Supplied data:
-- Opening Marker --
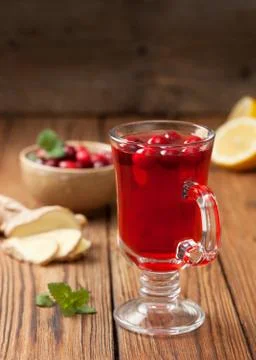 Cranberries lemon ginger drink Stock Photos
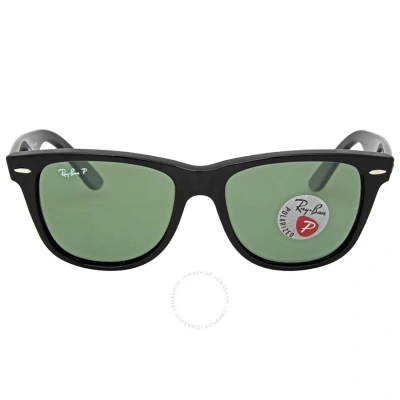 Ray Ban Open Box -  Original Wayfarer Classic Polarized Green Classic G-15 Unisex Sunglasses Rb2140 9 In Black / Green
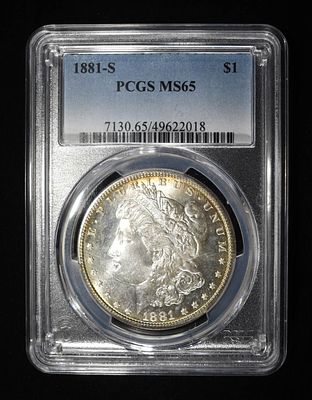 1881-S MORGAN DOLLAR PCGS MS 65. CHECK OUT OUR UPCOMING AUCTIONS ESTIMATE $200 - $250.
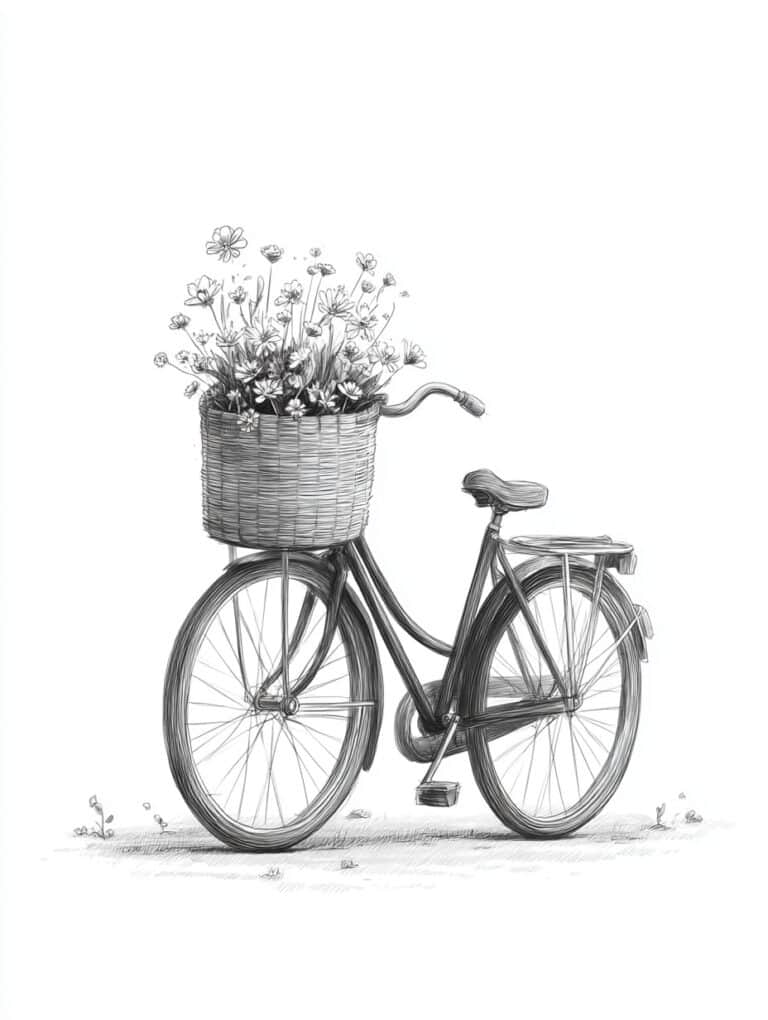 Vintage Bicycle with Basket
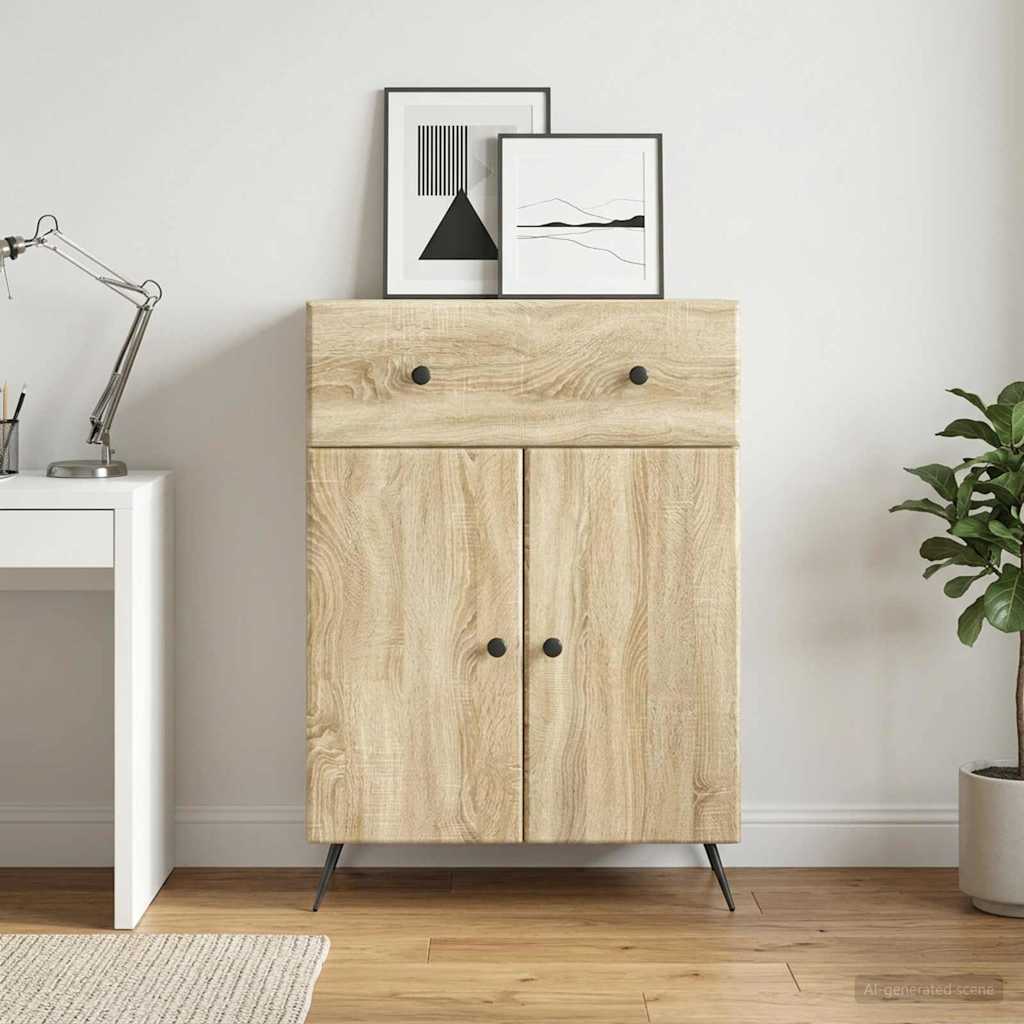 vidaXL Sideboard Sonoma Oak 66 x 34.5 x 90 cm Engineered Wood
-- Closing Marker --
-- Opening Marker --
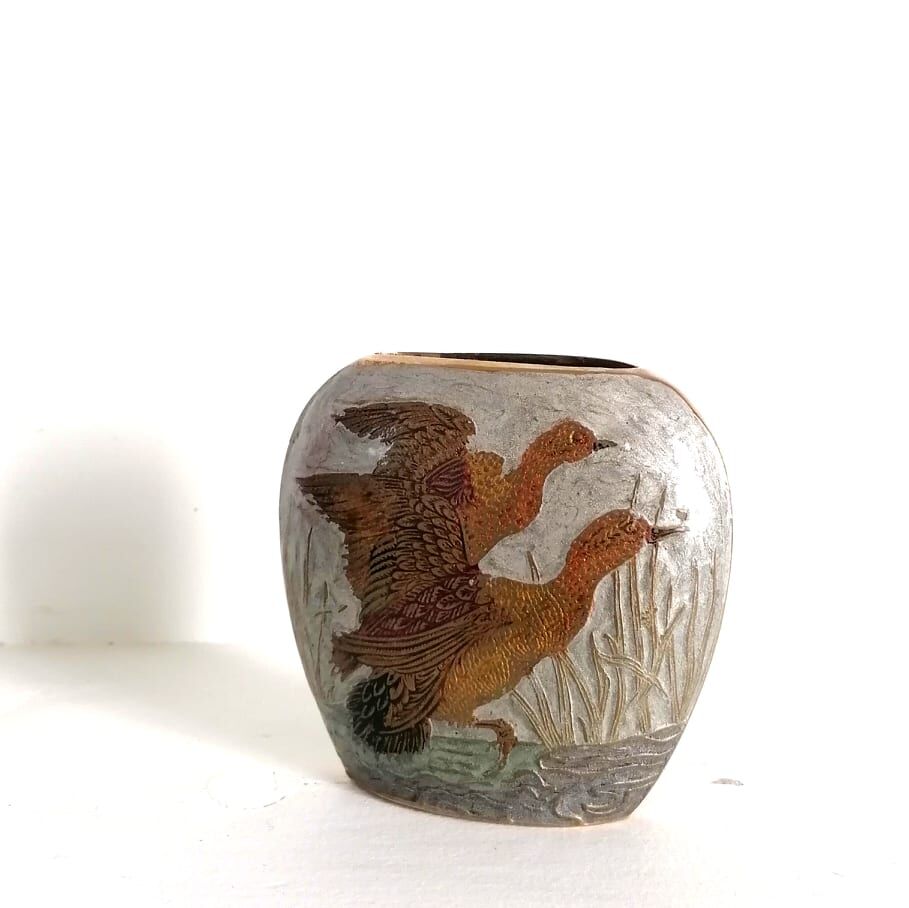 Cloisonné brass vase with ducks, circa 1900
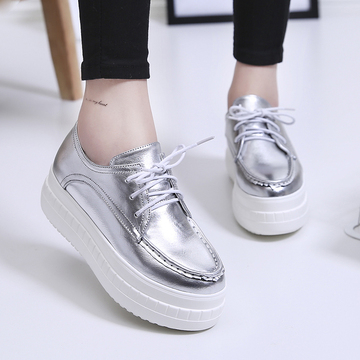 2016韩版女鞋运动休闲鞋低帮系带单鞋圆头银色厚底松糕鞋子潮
-- Closing Marker --
-- Opening Marker --
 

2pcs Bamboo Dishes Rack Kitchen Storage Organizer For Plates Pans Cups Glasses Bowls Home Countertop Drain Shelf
-- Closing Marker --
About this exercise:
In the entries above, which lines run from the one with "Vintage Bicycle with Basket" up to and including the one with "vidaXL Sideboard Sonoma"? Write them out exactly, without the pictures.

Response:
 Vintage Bicycle with Basket
 vidaXL Sideboard Sonoma Oak 66 x 34.5 x 90 cm Engineered Wood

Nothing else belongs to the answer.